Rita menjelaskan bahwa RF telah memaafkan istrinya dan berjanji untuk memperbaiki hubungan rumah tangga agar kejadian serupa tidak terulang.
"Suami korban sebagai kepala keluarga meminta agar kejadian ini diselesaikan secara kekeluargaan. Ia juga bersedia memperbaiki situasi rumah tangga agar tidak terjadi lagi," tambah Rita.
Peran Keluarga dalam Menangani Masalah
Dari penjelasan yang diberikan, tampak jelas bahwa masalah utama dalam kasus ini adalah kurangnya dukungan dari suami terhadap istri.
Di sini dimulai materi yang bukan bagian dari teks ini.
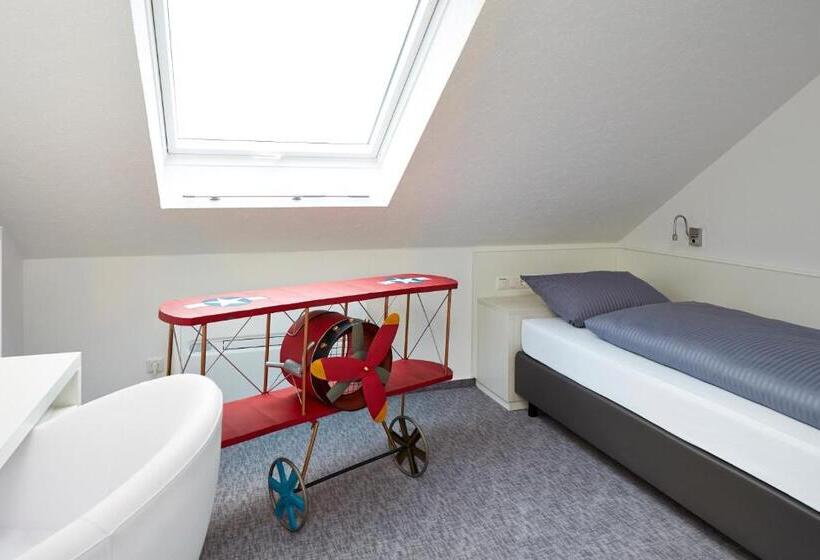 标准单人间, Sonnenhof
Hal ini membuat sang ibu merasa tertekan dan akhirnya mengambil tindakan yang tidak wajar.
Selain itu, peran masyarakat juga menjadi penting dalam mendeteksi adanya tanda-tanda kekerasan pada anak-anak. Seperti dalam kasus ini, suara tangisan anak yang tidak biasa menjadi awal dari penemuan korban.
Langkah Preventif
Untuk mencegah kejadian serupa, penting bagi masyarakat untuk lebih waspada terhadap lingkungan sekitar, terutama terhadap anak-anak yang tinggal di kontrakan atau tempat-tempat yang jarang dijenguk. Selain itu, komunikasi antar pasangan harus tetap terjalin baik agar tidak terjadi kesalahpahaman yang berujung pada tindakan ekstrem.
Kesimpulan
Kasus ini menjadi peringatan bahwa kelelahan dan tekanan psikologis dapat memengaruhi perilaku seseorang, bahkan mengarah pada tindakan yang tidak terduga. Oleh karena itu, penting untuk saling mendukung dalam keluarga dan mencari solusi yang lebih sehat jika menghadapi masalah.